The letter concludes that the Compact and the Guidelines "do not 'ensure the integrity and independence' of the United Nations. They allow business entities with poor records to 'bluewash' their image by wrapping themselves in the flag of the United Nations. They favour corporate-driven globalization rather than the environment, human health, local communities, workers, farmers, women and the poor".

This alternative Compact favours rules and monitoring excluded from the Global Compact. In that it is consistent with views articulated, curiously, by UNDP: "Tougher rules on global governance, including principles of performance for multinationals on labour standards, fair trade and environmental protection, are needed to counter the negative effects of globalization on the poorest nations" - a view immediately challenged by ICC (Financial Times, 21 July 1999).

In the lead up to the WTO Seattle event, the Corporate Europe Observer (October 1999, #5) sees the Secretary-General (having "embraced the corporate trade and investment agenda") as having:

"clearly taken sides in one of the most heated issues in the current debate about the global economy. He not only alienates himself from a very large part of the 'civil society' he otherwise speaks so positively of, but also from the large number of Southern governments which oppose the idea of a comprehensive round of liberalization negotiations..."
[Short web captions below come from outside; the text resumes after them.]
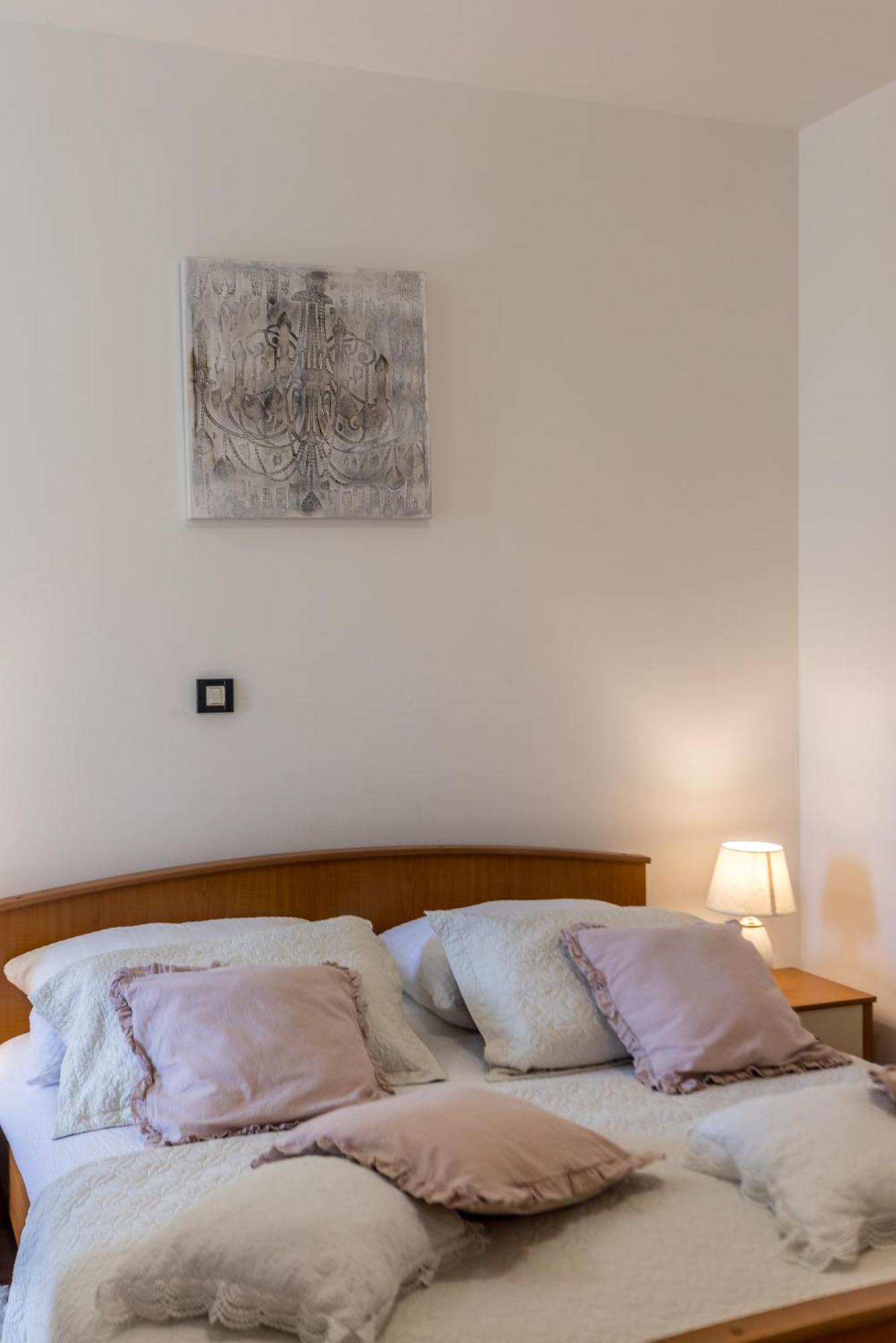 Apartment Split Karoglan Esterno foto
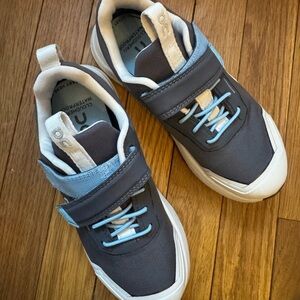 ON Kids Sneakers in Dark Gray and Light Blue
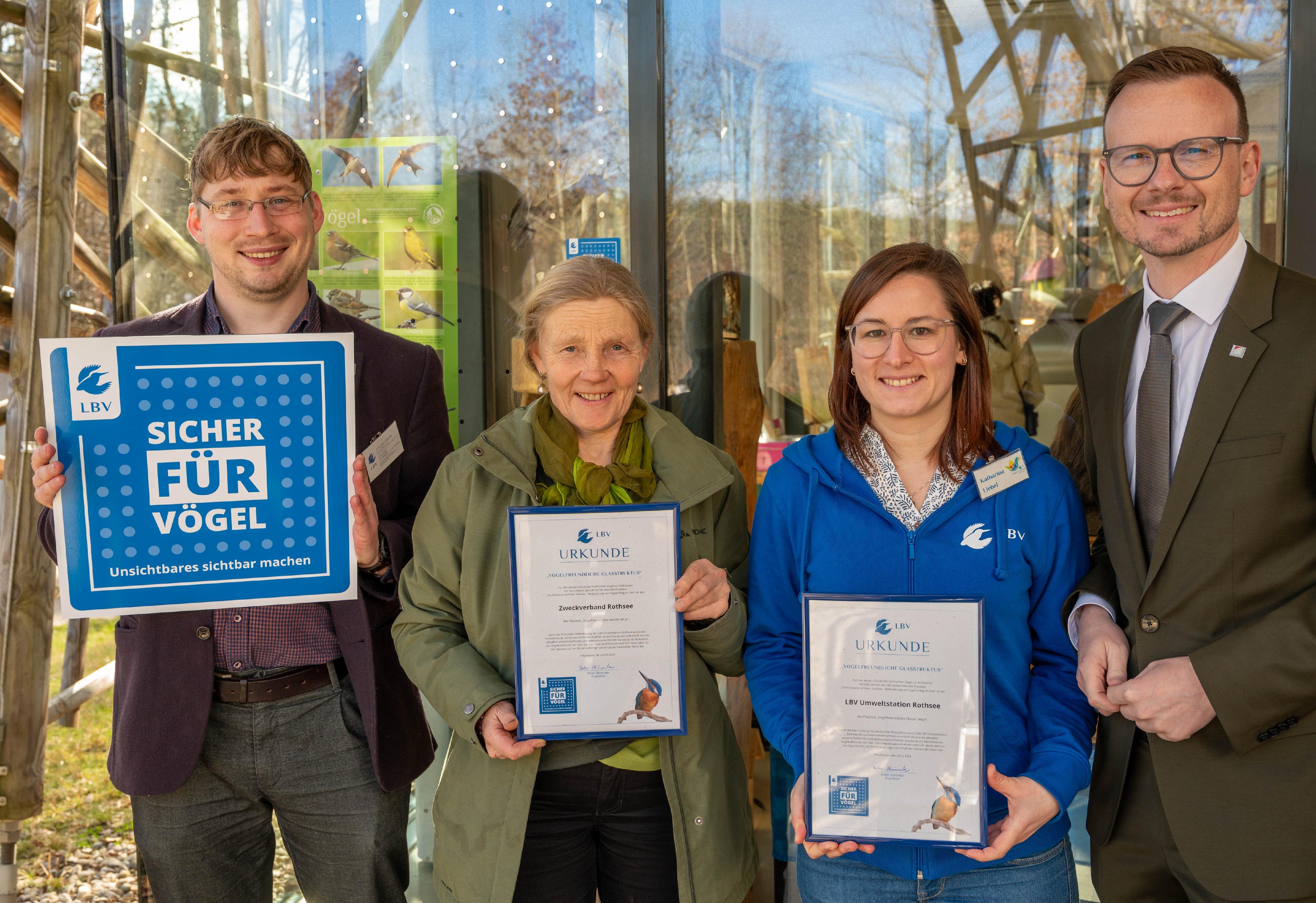 Die Personen v.l.n.r.: LBV-Referent Dr. Peter Stimmler, stellv. Landrätin Ursula Klobe, LBV-Mitarbeiterin Katharina Liebel, Bezirkstagspräsident Peter Daniel Forster.
Foto: Tobias Tschapka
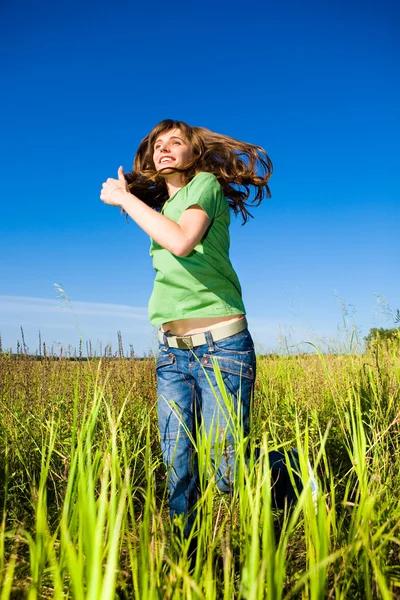 Glad Ung Kvinna Njuter Sommaren Hoppning — Stockfoto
Detailed critiques of the Global Compact can be found in the correspondence of one NGO, TRAC, with the Secretary-General and in its report Tangled Up in Blue: Corporate Partnerships at the United Nations ( This chronicles a set of policy decisions that are steering the UN away from its potential role as an independent regulator of transnational corporations and toward a model where the UN is just as entangled in corporate interests as all other international finance agencies. TRAC has been leading an international campaign to document and expose the growing number of, often secretive, partnerships between various UN agencies and corporations with poor records in the light of the values of the Compact.

According to the TRAC UN Project Coordinator, "The Secretary-General seems to think the UN can help 'fix' the problems of globalization by getting serial violators of human rights, labour rights and the environment to declare that they won't be bad anymore".

With reference to the Secretary-General's effort to seek legitimacy for the Global Compact through the support of NGOs, the Rural Advancement Foundation International jokingly refers to the "importance of IQ tests to screen out idiot CSOs [civil society organizations] who don't know when they are being used." (

Victor Menotti of the International Forum on Globalization concludes his Brief History of Corporate vs Citizen Power under the UN :

"Yet with the existing set of peoples' rights already negotiated and agreed to internationally by governments under UN auspices, Secretary General Kofi Annan has now undermined the UN's own accomplishments by issuing a set of voluntary and unenforceable principles called the Global Compact. When understood in this historical context, Annan's recently unveiled deal between himself, some of the world's largest corporations, and a few hand-picked "representatives" of civil society, is nothing more than a feeble and cynical attempt to diffuse the backlash to global corporate power that was so evident on the streets of Seattle. The Global Compact ignores the original mandate of the UN, legitimizing the corporate highjack of peoples' protections chartered under the UN some fifty years ago. Today, the World Bank, International Monetary Fund, and World Trade Organization institutionally subordinate the citizens' rights embodied in the UN. This is why people must begin to focus on the relationship of the BWIs [Bretton woods Institutions] to the UN system, with a view to resubordinating the BWIs back to their original and rightful place." ($129)

At the time of the World Economic Forum (Davos, January 2001) a counter-forum entitled the World Social Forum met concurrently in Porto Alegre (Brazil).